++++ Task data

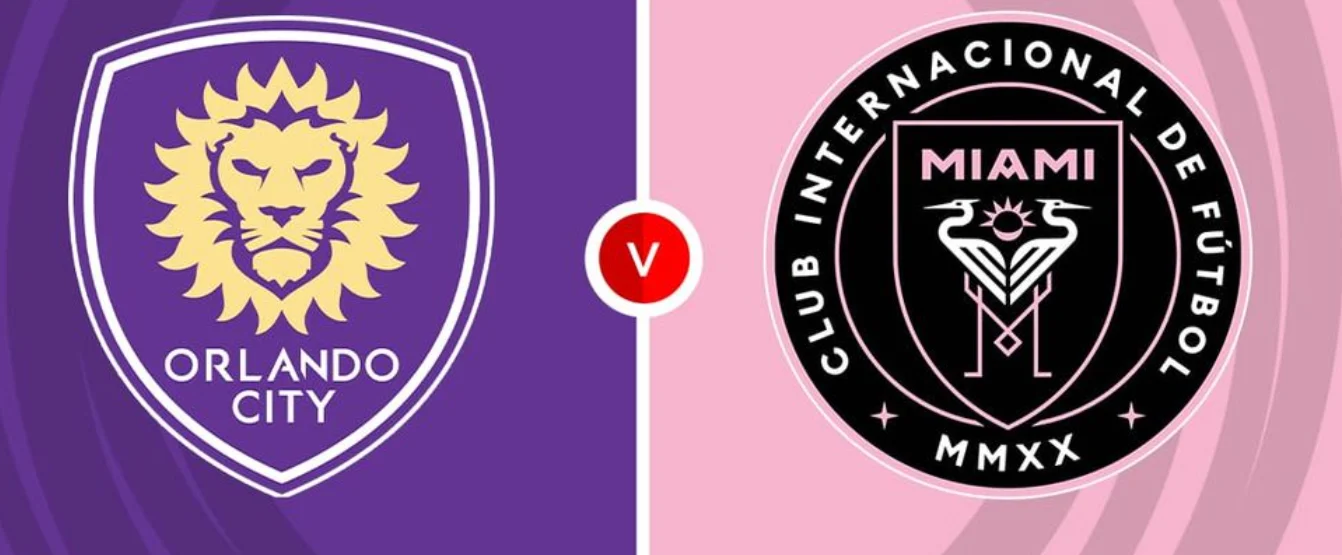 Semi-final Predictions – Inter Miami vs Orlando City 1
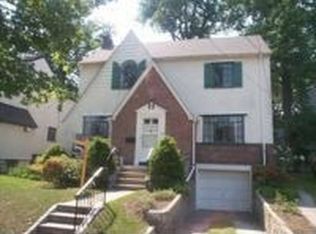 76 Vernon Pl, Mount Vernon, NY 10552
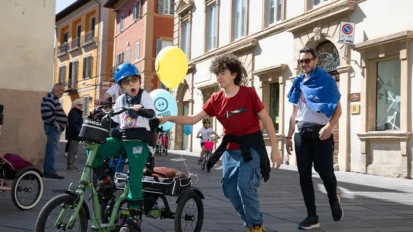 avanti-tutti-2024 (12)
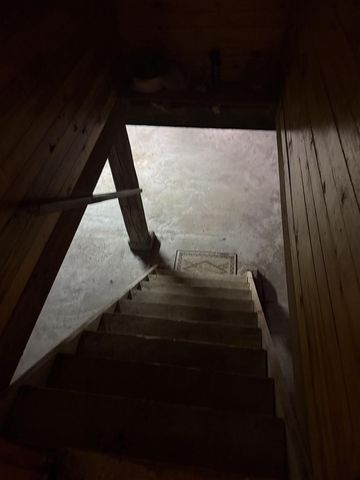 69175 E Long Lake Rd, Iron River, WI 54847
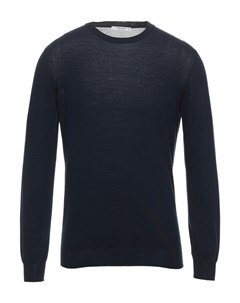 Свитер Kangra cashmere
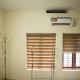 Salalah Enclave - 3 AC Bedroom House at Vytilla, Kochi, Kochi - Foto 10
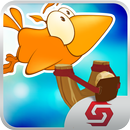 Chicken Shooter APK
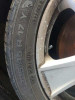  FORD MONDEO TURNIER (GE) 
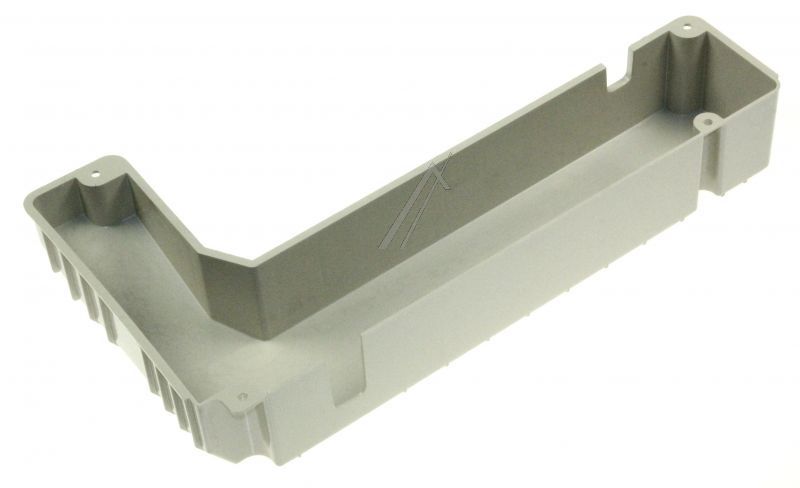 Whirlpool Indesit 480150101334 Klappe Deckel - C00395902 abdeckung rad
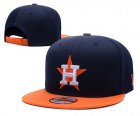 MLB Adjustable Hats (32)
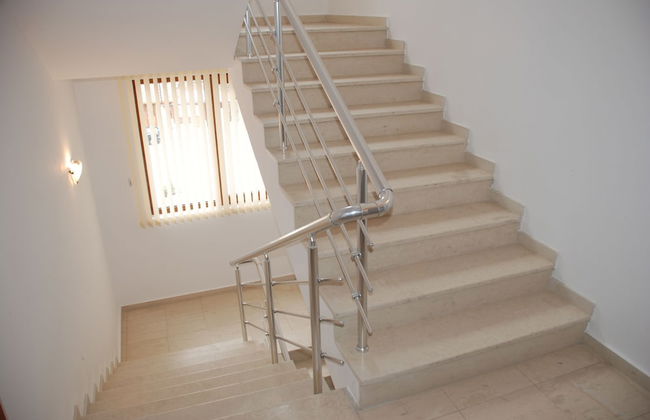 Pirin Palace White Apartments - Foto 14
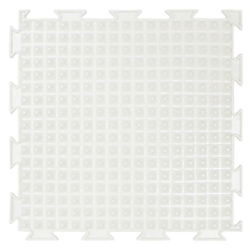 МОДУЛЬНЫЕ Коврики ОРТОДОН «Льдинки»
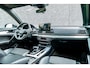 Audi Q5 Sportback 55 TFSI e PHEV S tronic quattro S-Line / Panoramadak / Leder / Stoelverwarming / Climate Control / Apple Carplay / Sportstoelen / Cruise Control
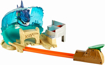 Poza cu SET DE JOACA BATALIA RECHINULUI HOT WHEELS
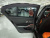 BMW M3 M3 Sedan Competition M xDrive, 2025
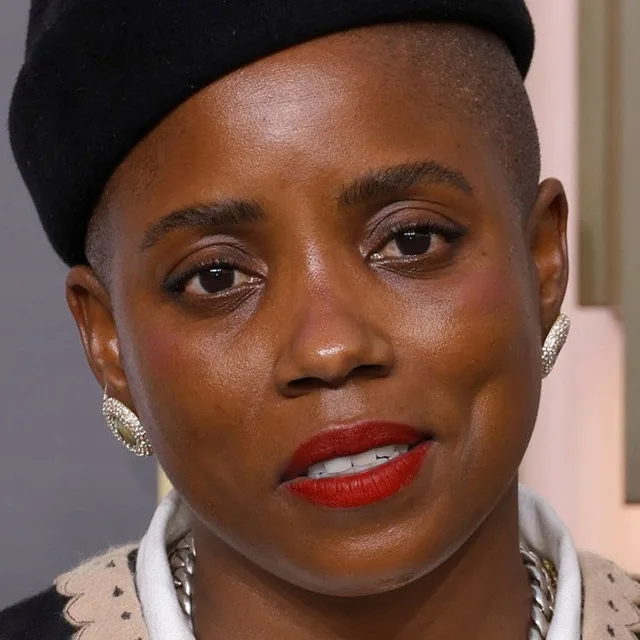 Janicza Bravo
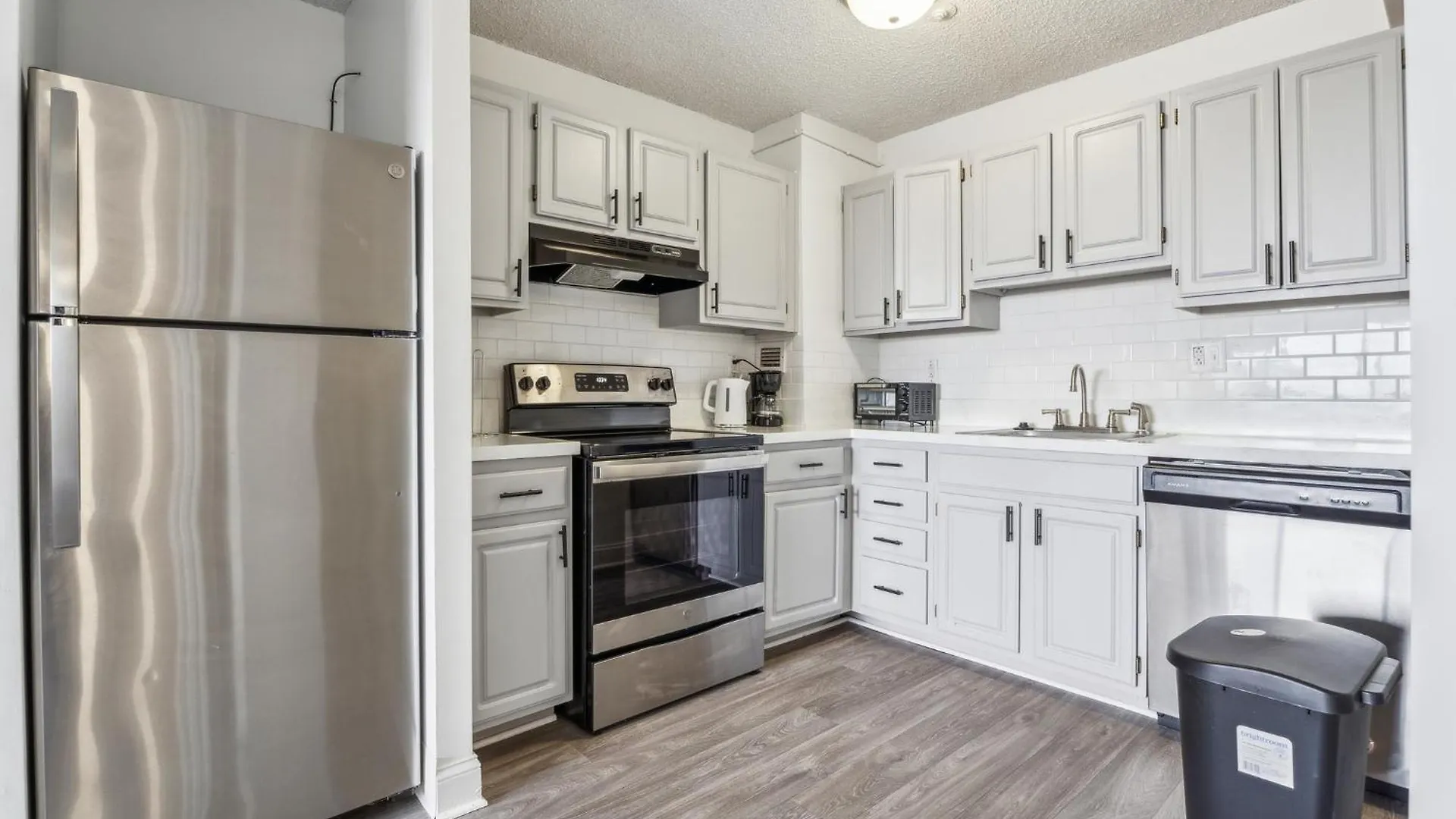 Legacy At Imperial Village 1014 I 2 Bed 2 Bath Richmond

++++++++

> [What the exercise asks]: Nothing should appear in the answer except the lines from the first line of the data through the line holding "FORD MONDEO TURNIER (GE)", exactly as written, with pictures left out.

> [Written answer]:
 Semi-final Predictions – Inter Miami vs Orlando City 1
 76 Vernon Pl, Mount Vernon, NY 10552
 avanti-tutti-2024 (12)
 69175 E Long Lake Rd, Iron River, WI 54847
 Свитер Kangra cashmere
 Salalah Enclave - 3 AC Bedroom House at Vytilla, Kochi, Kochi - Foto 10
 Chicken Shooter APK
  FORD MONDEO TURNIER (GE) 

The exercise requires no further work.